You see we found this amazing church up north and we loved the pastor and the people but it became too much of a drive when we moved further south than where we previously lived. Although, there are days that I wonder if a drive is worth the feeling you get from a great pastor and wonderful fellowship with people who don’t judge you.
Ever since we left that church we really just stopped the search all together. At first our excuse was the remodeling of our house. We spent every minute that we weren’t at our jobs working on things in and outside of the house. Then summer came and weekends are busy. Then school happened again and work picked up for my guy and again…we just were too busy to get our butts out of bed to spend a little time with God.

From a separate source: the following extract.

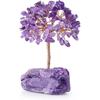 DUQGUHO Кристаллическое дерево Аметистовое дерево с натуральным кварцевым аметистовым основанием Кристаллическое дерево для декора Рейки Удача Кристалл Духовные подарки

Yesterday as I sat by myself in the peace of the early morning with my coffee after tidying up the house I couldn’t help but wonder….what is missing?
Church is missing. Not really just church the place….but the fellowship with friends and family. The word of God.
Please don’t get me wrong. I realize I am not a perfect Christian. I am probably far from it entirely.
However, I do believe. I believe there is something greater than us. I believe that I sin. I believe we all sin. I believe in asking forgiveness. I believe in prayer. I believe in the power of prayer. I believe in giving back in many ways. I believe.
I have a church I grew up in. I have many family and friends who still go there. It isn’t close to our house but it would probably be a good place to start.
Sometimes I think….ehh…we’ll just go to church when we have kids and it’s more important to get them involved in church. But really? That is not a good excuse any more. We should probably be thanking God now for everything we have, including each other.
My thoughts are rambling. I know that I don’t have to go to a building to worship God. I could be doing it right in my house with my honey. I just think that if we had a place where we felt we belonged we might get a little more out of it. Someone to help guide us in the right direction (a pastor) and friends who walked the way with us (fellowship).
You see….something is clearly missing.